Monday's MLK Day celebration combined the inspiring elements of Dr. Martin Luther King, Jr.’s life with that of another human rights movement icon, Dr. Wangari Mathai of Kenya. Dr. Maathai, the 2004 Nobel Peace Prize recipient, also helped lead a revolution for climate justice with other women in her nation to protect the land and forests after colonization and African patriarchal rule from the late 1970s until her death in 2011. We certainly know more about the powerful parts of Dr. King’s life, work, and legacy than we do of those who marched in his footsteps like Dr. Maathai, but the lesson that students came away with during our assembly and discussions afterwards was all about standing for what they feel is good, right, and just.
Both Drs. King and Wangari risked their reputations and their very lives to provide powerful illustrations of what people can do together while giving vision and inspirational organizing for what they believed to be right. In addition, we wanted to demystify leaders from the myths that happen in sound bites and bits that don’t tell the fuller picture. For instance, what students were told in assembly is that we think we know a great deal about Dr. King, but in reality, his image has been sanitized into a few inspiring quotes, images, and his “I have a dream” greatest hits rather than examining the totality of his radical message grounded in love, Christianity, and Western thought.
We often look at Dr. King through the black and white photos of a bygone era in a way that detracts our own attention away from what we might do to understand these larger issues and lead us to action. Or, at least lead us out of complacency and lethargy. Students were urged to consider and ponder the possibilities about how we - in the fullness of today - might spend the rest of our time here at Proctor adding value in the service of something greater than ourselves, and the planet. Today’s idea came from Dr. King himself who asked: “Life’s most persistent and urgent question: ‘What are you doing for others?’”
For our students, at least the ones I spoke to in a smaller group after our main assembly, many did not know what to do or where to begin. It’s a huge task to think about when there are seemingly endless needs in the world and here at home. After a good deal of talking about what has sidelined us all these past two years, the global COVID-19 pandemic, students opened up about feeling inspired by last year’s march to demand accountability for some student misbehavior in which students voiced real concern about injustices they saw in their midst. More than anything, students are inspired by each other and the big questions that come from perceived and real wrongs against communities and people they love.
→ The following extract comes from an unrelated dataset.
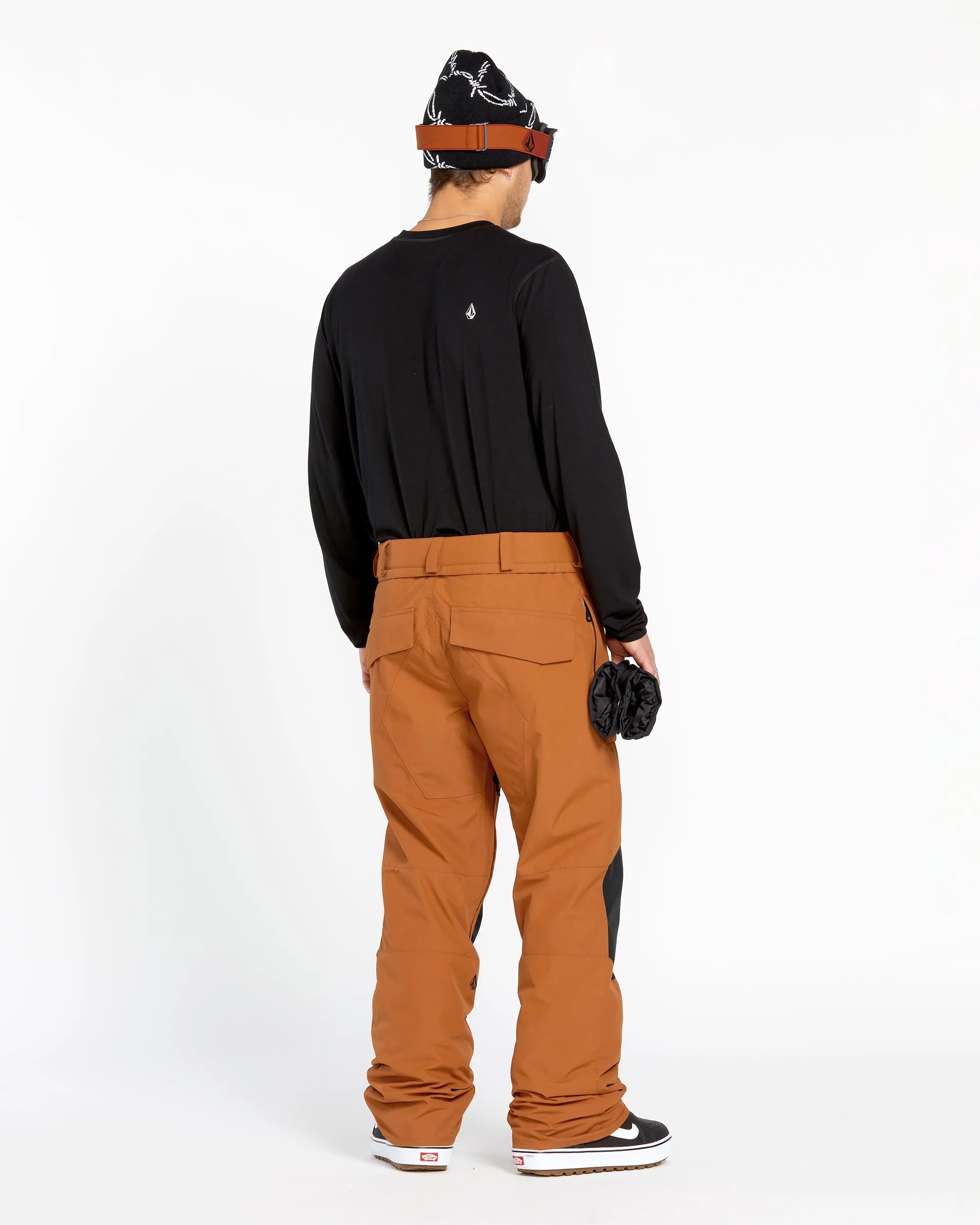 Mens Roan Pants - Caramel sold by Volcom product image thumbnail 4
What we all understand and value is that students at Proctor have a strong sense of integrity and purpose. We are fortunate to be in a place where we learn and share together, even in the middle of a raging snow storm that had some of us Webexing in remotely. What most of us realized as we watched our students wrestle with these big ginormous topics is that we can scaffold these issues so that students do more of the work and more of the thinking about what they want their lives to be. We all appreciate the work of Will Wamaru and other students and faculty leaders who made this day a reality. We feel like we are on the launching pad of more great talks to come.